The building that is home to Schiit Audio resides just a few hours north of Los Angeles. The Made-In-The-USA company is housed in a unassuming commercial building with no outward facing signage other than a small logo placed upon the entryway.
Tremendous growth has pushed the company’s employee count up to a 16 members along with sales numbers that would make many an audio company green with jealousy. Granted, Schiit Audio’s budget economics put them in significant contrast to much of the high price, low volume approach from the high end but the significance of their rampant progress in the upward direction can’t be overlooked.
No product category appears to be out of reach for Schiit Audio. In recent year’s the company has produced amplification and DAC options that range from $79 to $2,299 and everywhere in-between. Amps run either solid state or tube topologies and the company even produces a $129 phono pre that services both moving coil and moving magnet technologies.

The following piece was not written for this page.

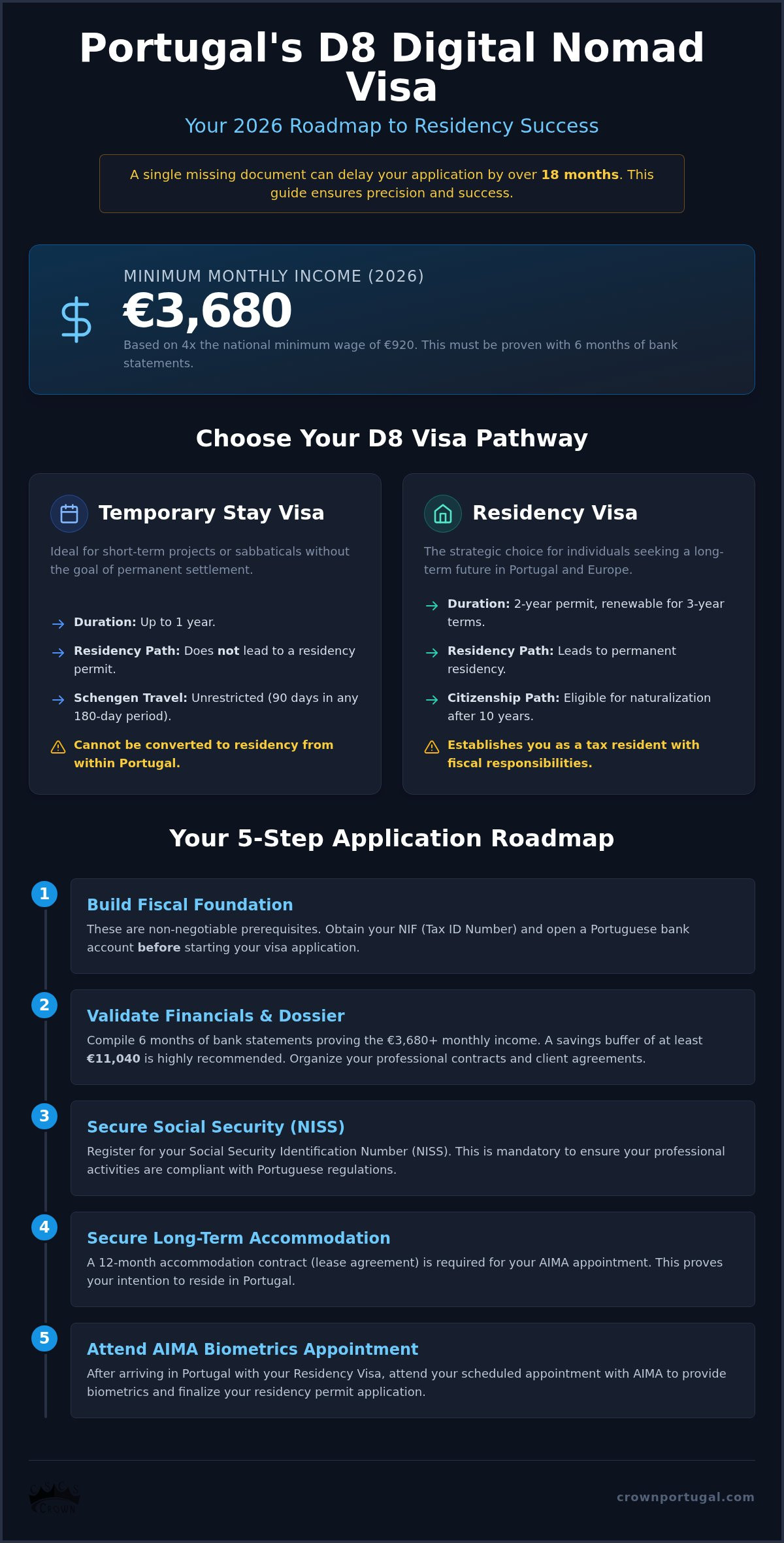 Remote Work Visa Portugal Guide: Navigating the D8 Pathway in 2026
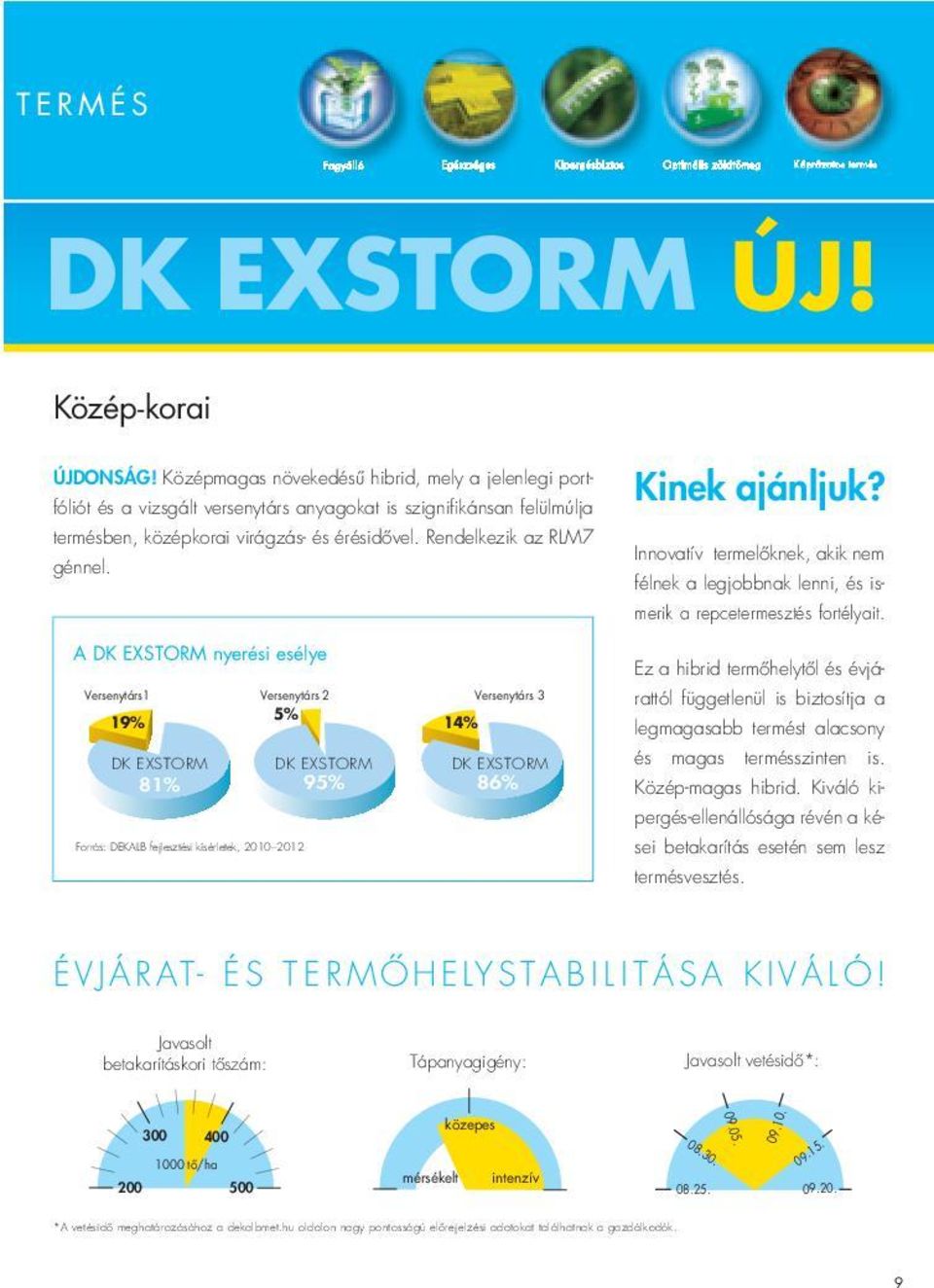 A DK EXSTORM nyerési esélye Versenytárs1 Versenytárs 2 Versenytárs 3 19% 5% 14% DK EXSTORM DK EXSTORM DK EXSTORM 81% 95% 86% Forrás: DEKALB fejlesztési kísérletek, 2010 2012 Kinek ajánljuk?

All of this electronic wonderment is constructed and assembled in the USA. The shiny red boards are from the east coast, the casework is banged out in the San Fernando Valley and the rest is designed and assembled together in the space in Velencia. I have been on many factory tours since I started this audio journey, and the Schiit space I saw was impressively big for a company that didn’t exist less than 6 years ago. The company is even expanding beyond its current confines by assimilating the shipping space from its adjacent buildings. Assembly and repair take place underneath the high-ceiling warehouse and office space decorated with music memorability, catchy advertising copy and a few electric guitars.
Along the far wall, stacked together and placed on what looks like cafeteria trays stands a majestic monument to the burn in process. All devices get quality checked and burned in for a minimum of 1 day (some products up to four). Tubes are matched and amps are auditioned before they get sent out.
Generally parts come ready to be assembled to the warehouse. Internals are soldered and lids are attached at stations like the image above. If the product is digital, two to three programs are also loaded into the silicone before being tested.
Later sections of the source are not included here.